Deploy face detection and keypoints at 250fps with ONNX+TensorRT

This article was original written by Jin Tian, welcome re-post, first come with jinfagang.github.io . but please keep this copyright info, thanks, any question could be asked via wechat: jintianiloveu

I tried to condense the core of this article into the title of the article in as short a language as possible. Some time ago, I explained the deployment of Jetson Nano. We talked about the deployment of Yolov3 on the Nano with Caffe. The question of how to deploy the ONNX model is really divided into two parts: first, why to use ONNX, and second, how to deploy ONNX. This article is to fill this hole.

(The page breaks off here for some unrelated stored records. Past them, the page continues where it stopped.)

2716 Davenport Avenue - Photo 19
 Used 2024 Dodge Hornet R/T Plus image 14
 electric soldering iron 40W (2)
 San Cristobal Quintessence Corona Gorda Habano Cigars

TLTR, the core ideas of this paper include:

  • How to deploy the ONNX model most quickly
  • What is the world’s fastest model for detecting faces and key points?
  • How to use ONNX+TensorRT to make your model 7 times faster
  • We will introduce to you our new generation of face detection + comparison recognition engine, which is expected to run above 200fps on GPU, and of course will be open source.
  • How to deploy the ONNX model on TensorRT using C++

Above is a 250fps face detection model, thanks to TensorRT’s acceleration. The input size is 1280×960.

Why onNx

Pytorch training model is popular nowadays, but when pytorch training model is converted to PTH, it is difficult to achieve real acceleration with C++ reasoning, because the network forward reasoning part, which is the most time-consuming in nature, does not have much acceleration. And reasoning pytorch with libtorch C++ is not an easy task unless your model can be traced.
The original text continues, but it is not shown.